- Born: September 16, 1980 (age 46) Geelong, Victoria, Australia
- Citizenship: Australian, American
- Occupations: Television host, presenter, reporter, actor, HIV activist
- Years active: 1994–present
- Organization: Plus Life Media
- Known for: On the Red Carpet, Plus Life, HIV Unwrapped
- Relatives: Kristian Schmid (brother);

= Karl Schmid (television presenter) =

Australian-American television host and HIV activist

Karl Schmid (born September 16, 1980) is an Australian-American television host, presenter, reporter, and HIV activist. He has worked in entertainment television in Australia, the United Kingdom, and the United States, including as a correspondent for ABC's On the Red Carpet.

==Early life==
Schmid was born in Geelong, Victoria, Australia, and was raised outside Melbourne. He began acting and appearing on television as a child.

==Career==
Schmid's early television work included the children's drama Mel's Amazing Movies, in which he played Beaven. He later became a regular contributor to the New Zealand children's television program What Now.

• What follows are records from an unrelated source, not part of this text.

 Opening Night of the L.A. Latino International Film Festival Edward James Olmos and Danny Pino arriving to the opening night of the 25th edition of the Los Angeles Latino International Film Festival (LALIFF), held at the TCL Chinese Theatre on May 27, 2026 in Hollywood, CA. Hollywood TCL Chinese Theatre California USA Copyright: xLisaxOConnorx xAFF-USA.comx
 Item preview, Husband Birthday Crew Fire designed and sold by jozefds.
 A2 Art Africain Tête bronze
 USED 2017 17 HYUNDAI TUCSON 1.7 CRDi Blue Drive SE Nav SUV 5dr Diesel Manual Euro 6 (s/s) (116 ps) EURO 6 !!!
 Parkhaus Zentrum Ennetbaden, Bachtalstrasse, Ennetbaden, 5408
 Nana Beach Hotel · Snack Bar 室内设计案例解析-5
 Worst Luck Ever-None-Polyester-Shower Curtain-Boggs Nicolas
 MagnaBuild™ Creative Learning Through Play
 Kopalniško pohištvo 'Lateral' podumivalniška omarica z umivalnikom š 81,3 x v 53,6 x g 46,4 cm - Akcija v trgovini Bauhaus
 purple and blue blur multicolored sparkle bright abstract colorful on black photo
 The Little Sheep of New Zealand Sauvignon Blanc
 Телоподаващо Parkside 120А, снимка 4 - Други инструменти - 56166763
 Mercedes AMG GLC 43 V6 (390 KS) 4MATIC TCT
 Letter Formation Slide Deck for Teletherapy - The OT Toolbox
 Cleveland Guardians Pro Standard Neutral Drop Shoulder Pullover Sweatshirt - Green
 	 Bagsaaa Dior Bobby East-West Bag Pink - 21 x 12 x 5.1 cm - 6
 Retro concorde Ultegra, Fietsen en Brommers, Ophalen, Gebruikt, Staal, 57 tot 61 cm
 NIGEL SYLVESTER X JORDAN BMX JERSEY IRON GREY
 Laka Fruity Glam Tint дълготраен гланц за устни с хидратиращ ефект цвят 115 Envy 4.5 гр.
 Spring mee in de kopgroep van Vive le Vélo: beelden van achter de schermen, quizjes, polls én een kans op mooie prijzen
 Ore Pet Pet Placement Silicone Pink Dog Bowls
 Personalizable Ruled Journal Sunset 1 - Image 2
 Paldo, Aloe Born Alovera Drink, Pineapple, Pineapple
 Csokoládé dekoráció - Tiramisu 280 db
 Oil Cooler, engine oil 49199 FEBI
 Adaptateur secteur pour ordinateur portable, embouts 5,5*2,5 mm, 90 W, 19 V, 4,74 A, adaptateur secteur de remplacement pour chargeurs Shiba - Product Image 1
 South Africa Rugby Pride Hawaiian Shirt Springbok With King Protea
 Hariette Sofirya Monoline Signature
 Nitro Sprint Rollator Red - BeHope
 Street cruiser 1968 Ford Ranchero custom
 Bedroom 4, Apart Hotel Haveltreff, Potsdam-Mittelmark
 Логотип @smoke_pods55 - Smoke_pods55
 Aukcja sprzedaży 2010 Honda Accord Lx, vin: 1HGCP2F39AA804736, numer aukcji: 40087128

After working in television in Australasia and the United Kingdom, including on entertainment programming, Schmid moved to Los Angeles in 2008. In the United States he hosted and contributed to entertainment programs including TV Guide Network specials, and later became known as a correspondent for ABC's On the Red Carpet.

==HIV advocacy and +Life==
In March 2018, Schmid publicly disclosed that he was HIV positive after sharing his story on social media. In 2020, he wrote in The Advocate that being HIV positive "shouldn't be a news story," while arguing that stigma around HIV remained pervasive.

In 2019, Schmid co-founded Plus Life Media, also known as +Life, with Brent Zacky and Mike Spierer. The media brand focuses on HIV awareness, education, and stigma reduction through original programming and advocacy campaigns.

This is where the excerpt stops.